Satan can use very subtle means to obstruct the kingdom of God - even family members!

Jesus said, ‘If anyone comes to me and does not hate father and mother, wife and children, brothers and sisters - yes even their own life - such a person cannot be my disciple’.

That’s a high bar for discipleship. But he means it.

He’s not saying that you have to forsake your family to be a Christian, but he is saying that if you have to choose between them and Jesus, you’re not a disciple if you wouldn’t choose Jesus.

 

His family were opposing his kingdom at that moment, and in thatmoment the strangers in front of him were more his family than his own mother and brothers. That’s how significant this kingdom-conflict, that’s still raging right now, really is.

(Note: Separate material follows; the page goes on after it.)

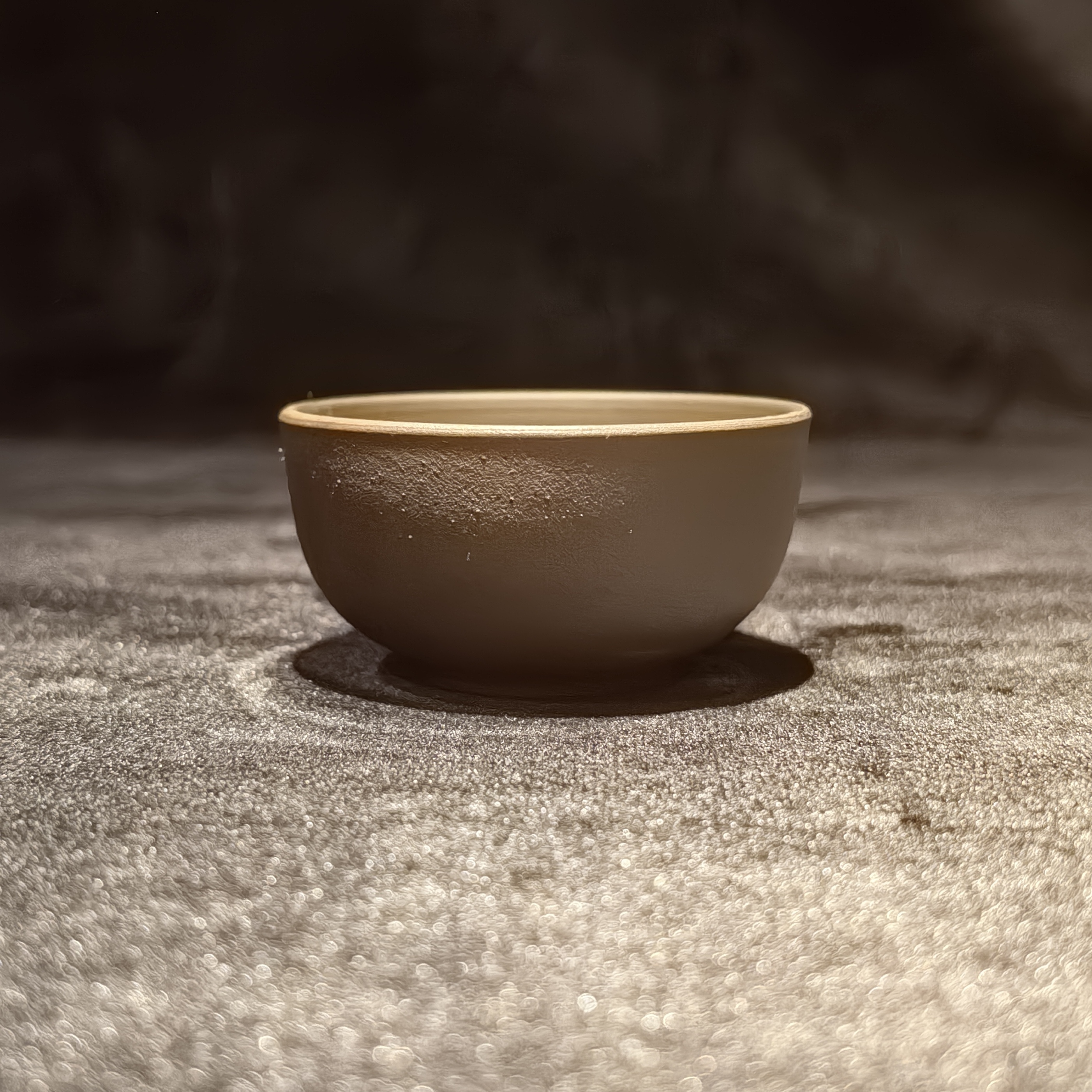 紫砂黑泥 小容量茶杯 品相情况联系客服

So, now that we’ve seen those six evidences of Mark’s theme, I want to share with you 4 implications I’m taking away with me today. I hope you will too.

 

First, you need to know to which kingdom you belong. We have seen that those who belong to the kingdom of Jesus are those for whom Jesus died.

Did Jesus die for you?

You can know that the answer is ‘yes’, if you whole-heartedly believe he died for you and bore your sins away on the cross.

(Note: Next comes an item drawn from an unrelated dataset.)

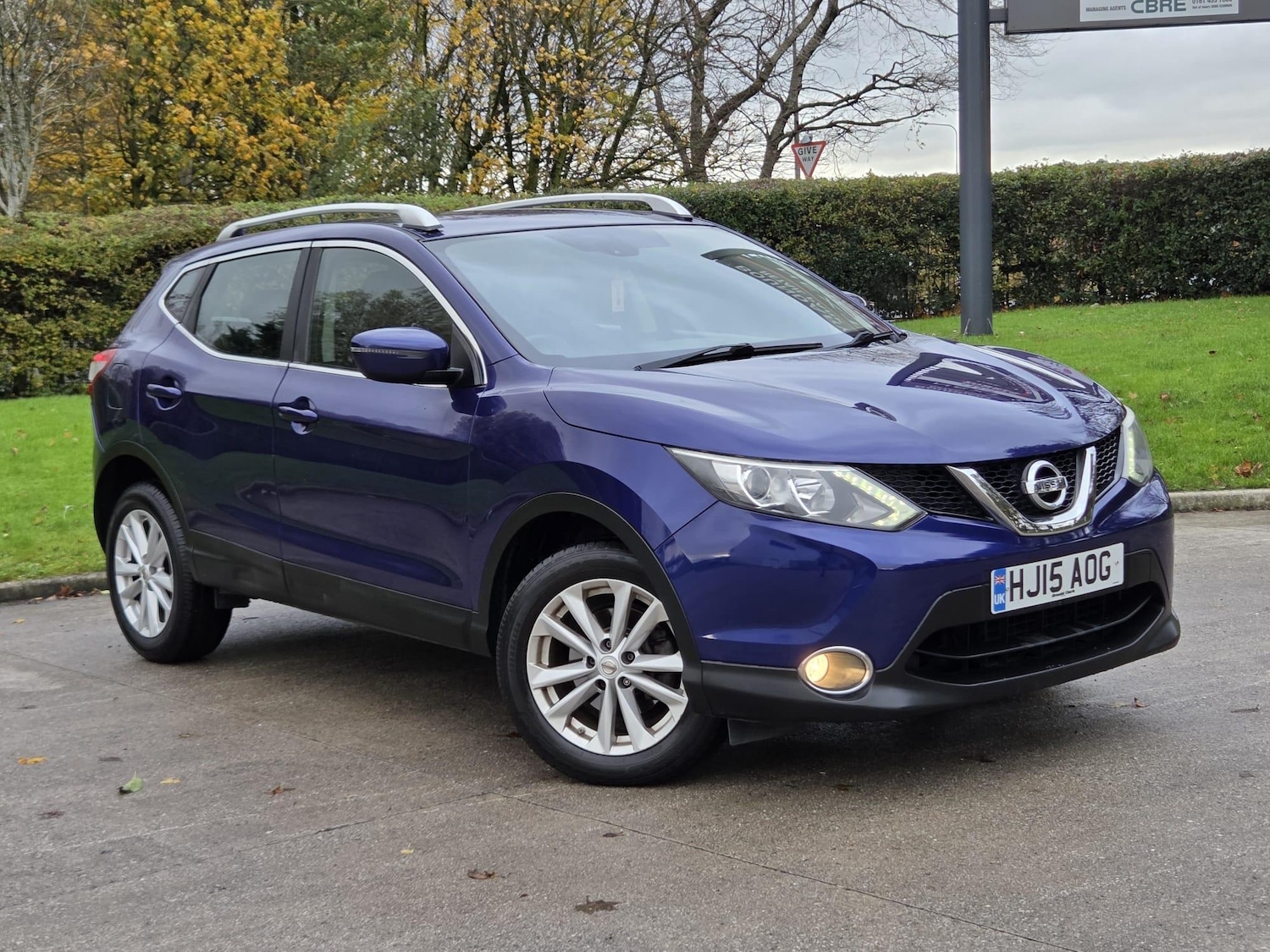 Used Nissan Qashqai for sale - 76996149: Photo 29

To as many as received him, to those who believed in his name, he gave the right to be counted children of God’ - the right to be counted part of his house; not Satan’s house. So, know which kingdom you belong to.


Second, know that belonging to God’s kingdom puts you at enmity and conflict with the kingdom of Satan.

1 John 5:19 says ‘the whole world is under the control of the evil one’, but Ephesians 6:12 says that ‘our [christian] struggle is against the powers of this dark world’.

Those powers are Satanic powers, because it’s the ‘evil one’ who controls this world, John says.

 

So, we’ve got to know that we’re in a struggle Ephesians says.

And no struggle is ever won by passivity. All struggles require active resistance of the enemy. That’s why James says, ‘resist the devil and he will flee from you’.


That leads to a third lesson which is that Satan’s activity comes mainly via his kingdom - not directly by demonic possession, or signs and wonders.

People don’t perish in the kingdom of Satan, instead of coming into the light, because they would just love to come into the light but Satan prevents them.

According to John 3:19, people don’t come into the kingdom of Jesus because they ‘love’ darkness.

People have a love affair with the kingdom of darkness. John says, because of their own evil deeds they hate the light and love the darkness!

 

But we who live in the light of God’s kingdom are not to be so easily seduced. John, again, this time in 1 John says, ‘Do not love the world or anything in the world. If anyone loves the world, love for the father is not in them’.

That’s a warning. The world is the kingdom of Satan. Everything that comes out of it is designed by Satan to seduce you.

He parades around as an angel of light because he can deceive people that way.

He drips sweetness from every worldly honeycomb you can think of so that we, like bears to the honey pot, might slurp it down.

 

But Mark shows us through this chapter the foulness of the kingdom of darkness and the weightiness of the conflict that’s going on between these two kingdoms.

And so, John says, ‘you’re a child of the kingdom of God, don’t love this world - see it for what it is‘.

 

You know, it’s attitudes are Satan driven, it’s culture is Satan driven, it’s songs, it’s literature, it’s films, it’s philosophies, it’s luxuries, they’re all Satan driven.

So we have to go about with our eyes wide open. We have to be in the world, but not of the world - don’t love it!


The last thing I take away is, remember what it cost Jesus to bring you into his kingdom.

Remember what great inheritance you have come into. And remember what great consequences you have been rescued from.

Jesus is your king. You serve in this world as an emissary of the risen king Jesus and he is coming again - soon - to realise his kingdom more fully.

And when he does, you’re going to participate with him in the triumph of the kingdom of God over the kingdom of the world once and for all.

Let the reality of who you are, and the house you belong to, wash over you every day.